Work instruction =>
Please copy exactly the part of the records below that opens with the line containing "JHMGK5H56GX010697 - 2016" and closes with the line containing "Der saudische König Abdullah.", leaving out any pictures.

Extracted material =>
☆ ☆ ☆ ☆

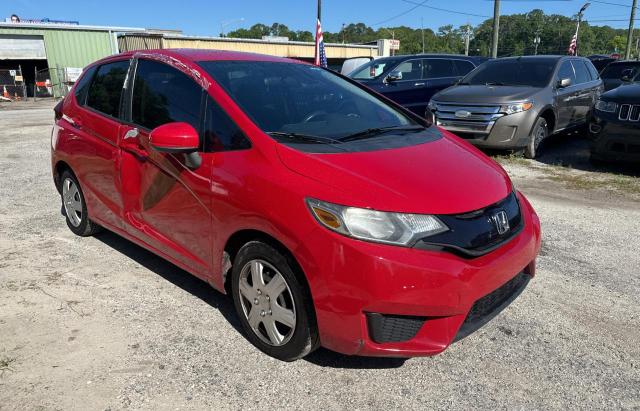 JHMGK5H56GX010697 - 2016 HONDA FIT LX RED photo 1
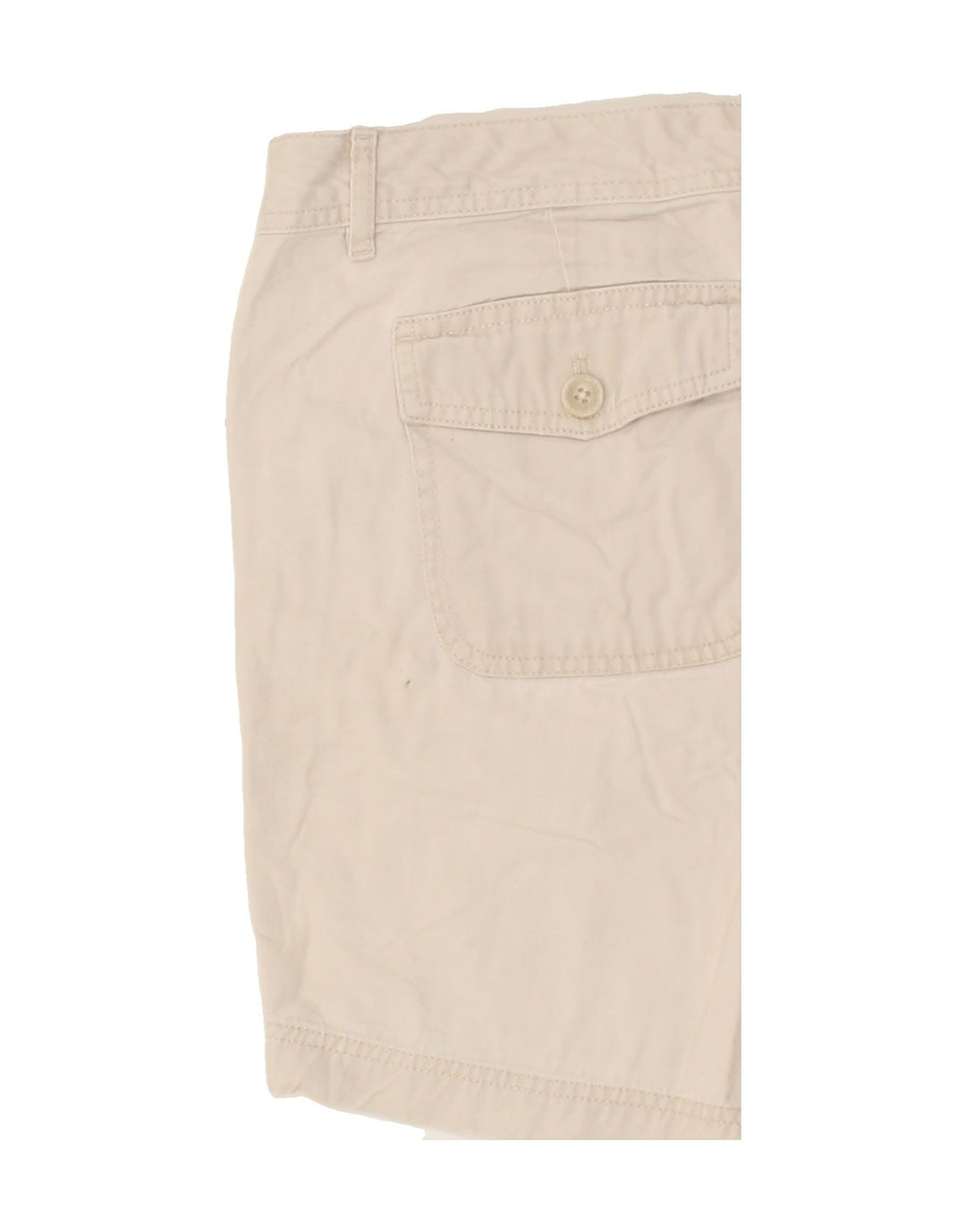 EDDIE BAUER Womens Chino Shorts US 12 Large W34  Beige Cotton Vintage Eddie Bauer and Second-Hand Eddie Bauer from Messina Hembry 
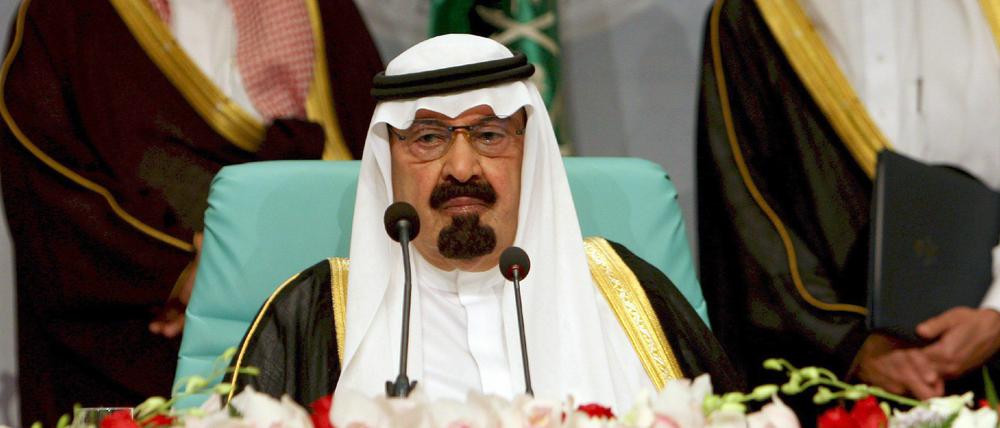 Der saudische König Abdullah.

☆ ☆ ☆ ☆

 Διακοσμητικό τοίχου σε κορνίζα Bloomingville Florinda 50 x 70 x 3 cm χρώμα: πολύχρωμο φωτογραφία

☆ ☆ ☆ ☆

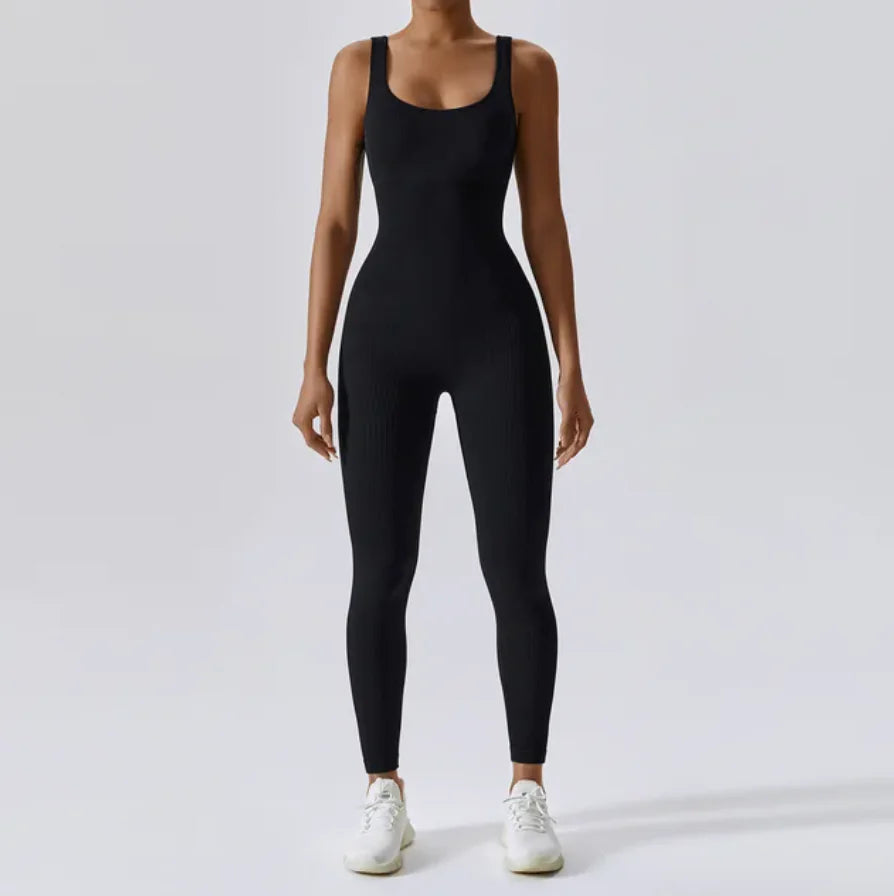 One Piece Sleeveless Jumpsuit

☆ ☆ ☆ ☆

Solution for this problem =>
 JHMGK5H56GX010697 - 2016 HONDA FIT LX RED photo 1
 EDDIE BAUER Womens Chino Shorts US 12 Large W34  Beige Cotton Vintage Eddie Bauer and Second-Hand Eddie Bauer from Messina Hembry 
 Der saudische König Abdullah.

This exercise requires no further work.